In their original motion, plaintiffs sought to dismiss Counterclaims I, II and III for failure to comply with Rule 9(b). In their latest moving papers, however, plaintiffs apparently have restricted their motion to dismiss to Counterclaims II and III.
A threshold issue here is whether the strict pleading requirements of Rule 9(b) apply to Counterclaim II, which alleges a claim under Section 2(f) of the Robinson-Patman Act, 15 U.S.C. s 13(f). Although courts have not accepted the argument that Rule 9(b) relates exclusively to common law fraud,Rule 9(b) generally has been applied only to statutory causes of action that are predicated on fraud, and where scienter is an essential element of the claim. Compare Segal v. Gordon, 467 F.2d 602 (2d Cir. 1972) and Reiver v. Photo Motion Corp., 325 F.Supp. 214 (E.D.Pa.1971) ( Rule 9(b) applies to actions brought under Section 10(b) of the Securities Exchange Act of 1934, 15 U.S.C. s 78j(b)), with Schoenfeld v. Giant Stores Corp., 62 F.R.D. 348 (S.D.N.Y.1974) (Rule 9(b) does not apply to suits brought pursuant to Section 11 of the 1933 Securities Act, 15 U.S.C. s 77k). The parties have not cited to the Court, nor has diligent research revealed, any decisions holding that allegations under Section 2(f) must be stated with the detail and particularity called for by Rule 9(b). In the absence of such authority, this Court declines to hold that allegations under Section 2(f) must be pled with the detail and particularity required by Rule 9(b), and, therefore, plaintiffs' motion to dismiss Counterclaim II must be denied.

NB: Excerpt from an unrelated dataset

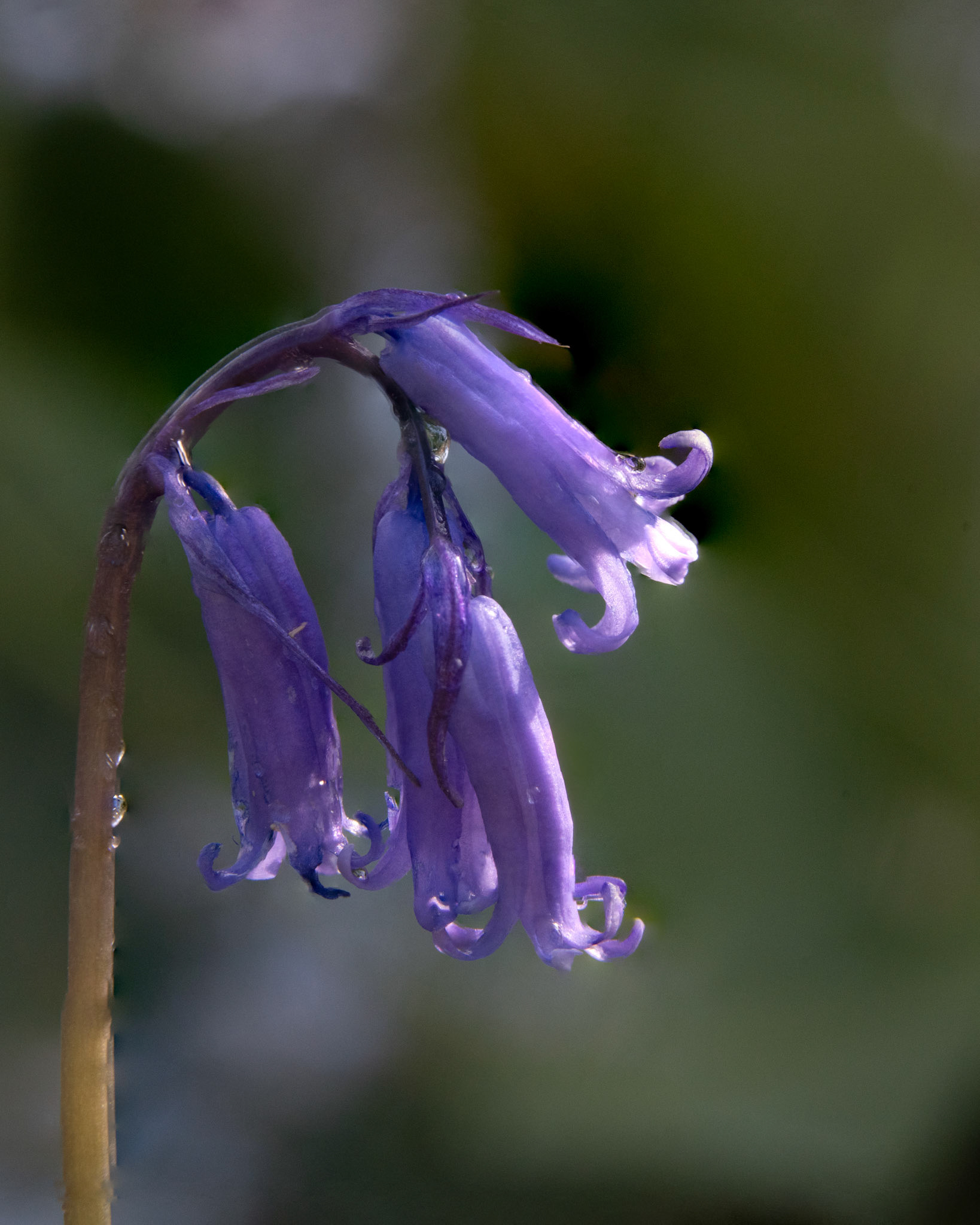 Jacinthe des bois - Hyacinthoides non-scripta - Bluebell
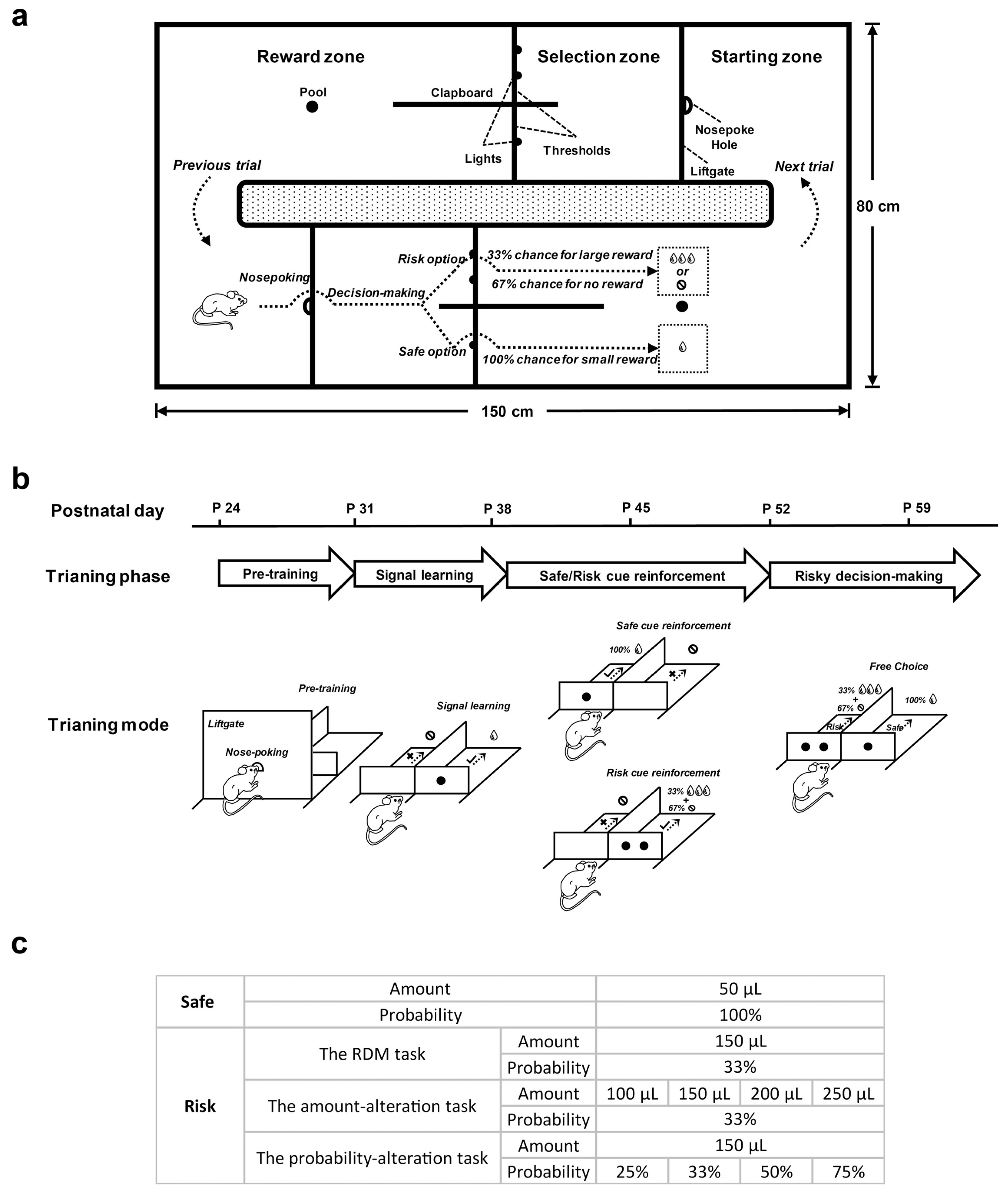 Brainsci 12 00795 g001 550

See, e. g., Schlick v. Penn-Dixie Cement Corp., 507 F.2d 374, 378, n. 8 (2d Cir. 1975), cert. denied, 421 U.S. 976, 95 S.Ct. 1976, 44 L.Ed.2d 467 (1975); Shamrock Corp. v. Indian Head Inc., 20 F.R.Serv.2d 1297, 1298 (S.D.N.Y.1975).

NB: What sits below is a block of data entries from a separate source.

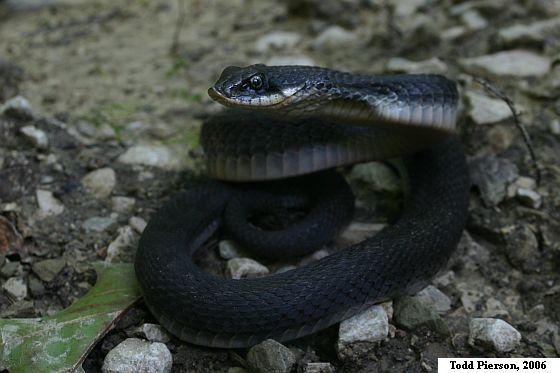 Eastern Hog-nosed Snake (Heterodon platirhinos)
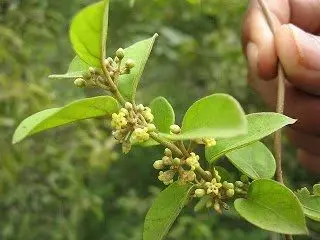 عشبة الجيمنيما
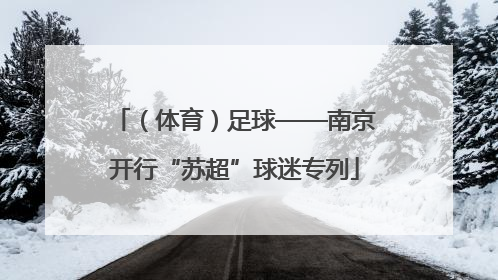 （体育）足球——南京开行“苏超”球迷专列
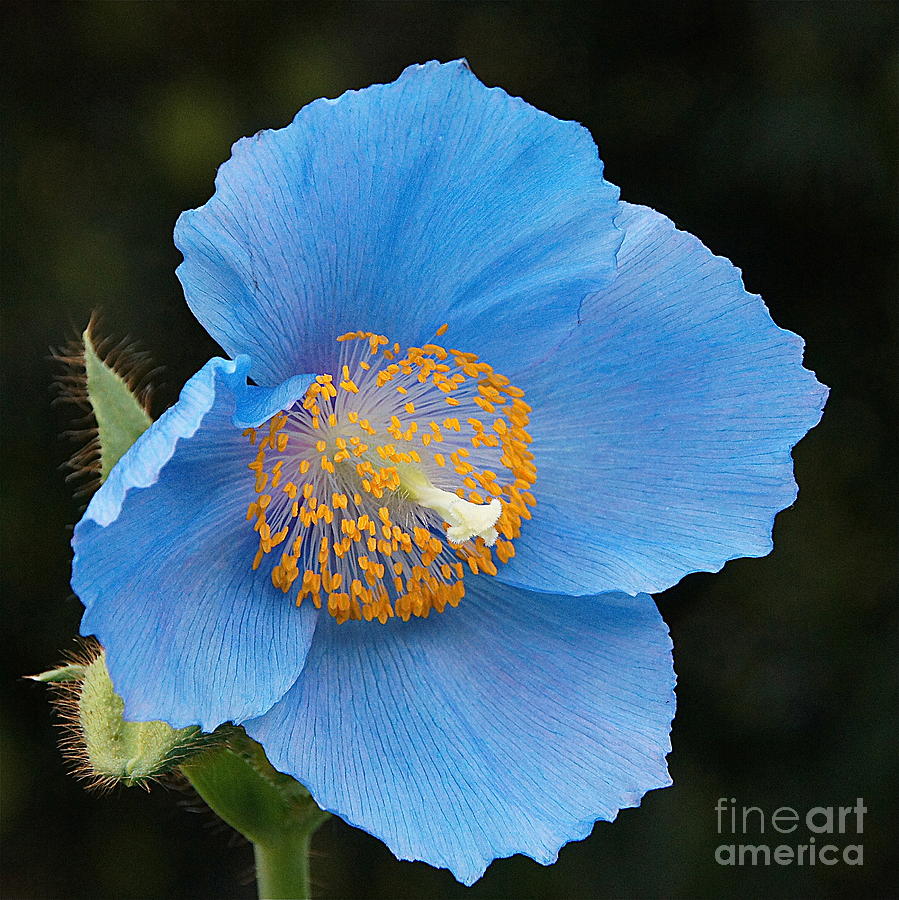 Himalayan Gift -- Meconopsis Poppy Photograph by Byron Varvarigos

Counterclaim III does state a claim in common law fraud, but the Court agrees with plaintiffs that it fails to satisfy the particularity requirements of Rule 9(b). The Court recognizes that defendant Amstar in Counterclaim III is alleging that plaintiffs conspired over an unspecified period of time to defraud defendant Amstar and interfere with its business relationships with general sugar brokers. Although the Court has no intention of requiring defendant to plead detailed evidentiary matter, see 2A J. Moore, Federal Practice P 9.03, at 1930 (2d ed. 1975), nevertheless, a careful review of the averments of Counterclaim III has convinced the Court that they are defective in that they fail to state the time, place and content of the alleged fraudulent activities. See, e. g., Arpet, Ltd. v. Homans, 390 F.Supp. 908, 912-13 (W.D.Pa.1975); Seligson v. Plum Tree, Inc., supra, at 756; Reiver v. Photo Motion Corp., supra, at 216. For example, Paragraph 24 of defendant Amstar's Answer and Counterclaims filed in the Owen & Mowrey action specifically charges that:
Sugar sellers are thus the target of a concerted effort by buyers who use general brokers to reduce the price of sugar and protect the vested interest of the buyers through unlawful means. Counterclaim-defendants initiate and encourage the activities of these general brokers on their behalf and knowingly retain and direct refiner-paid commission revenues to these general brokers for such purposes. As part of their unlawful collusion, counterclaim-defendants have exerted and threatened to exert economic duress upon certain sugar sellers and to force them to continue to sell through general brokers. Such coercion has included concerted threats of and actual refusals to deal with sugar sellers, including Amstar, who have ceased to make payments to these general brokers.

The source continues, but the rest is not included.